- Given information -

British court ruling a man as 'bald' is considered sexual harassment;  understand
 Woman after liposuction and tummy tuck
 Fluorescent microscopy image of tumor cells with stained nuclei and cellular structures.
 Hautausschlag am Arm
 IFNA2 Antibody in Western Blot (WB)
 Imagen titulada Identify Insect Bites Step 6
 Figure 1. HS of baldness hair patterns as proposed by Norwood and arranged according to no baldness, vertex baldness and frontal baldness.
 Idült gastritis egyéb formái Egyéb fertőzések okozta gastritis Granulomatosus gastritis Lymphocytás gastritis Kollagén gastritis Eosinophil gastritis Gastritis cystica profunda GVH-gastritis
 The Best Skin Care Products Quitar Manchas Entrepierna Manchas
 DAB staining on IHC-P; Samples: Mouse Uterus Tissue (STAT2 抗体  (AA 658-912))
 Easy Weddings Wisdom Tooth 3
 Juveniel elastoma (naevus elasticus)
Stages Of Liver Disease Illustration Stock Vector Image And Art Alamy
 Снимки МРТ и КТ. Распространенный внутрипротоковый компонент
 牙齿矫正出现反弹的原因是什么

- Action item -
Starting with the first line of the entries and ending with the line that has "Figure 1. HS", copy each line exactly and add nothing.

- Result for this task -
British court ruling a man as 'bald' is considered sexual harassment;  understand
 Woman after liposuction and tummy tuck
 Fluorescent microscopy image of tumor cells with stained nuclei and cellular structures.
 Hautausschlag am Arm
 IFNA2 Antibody in Western Blot (WB)
 Imagen titulada Identify Insect Bites Step 6
 Figure 1. HS of baldness hair patterns as proposed by Norwood and arranged according to no baldness, vertex baldness and frontal baldness.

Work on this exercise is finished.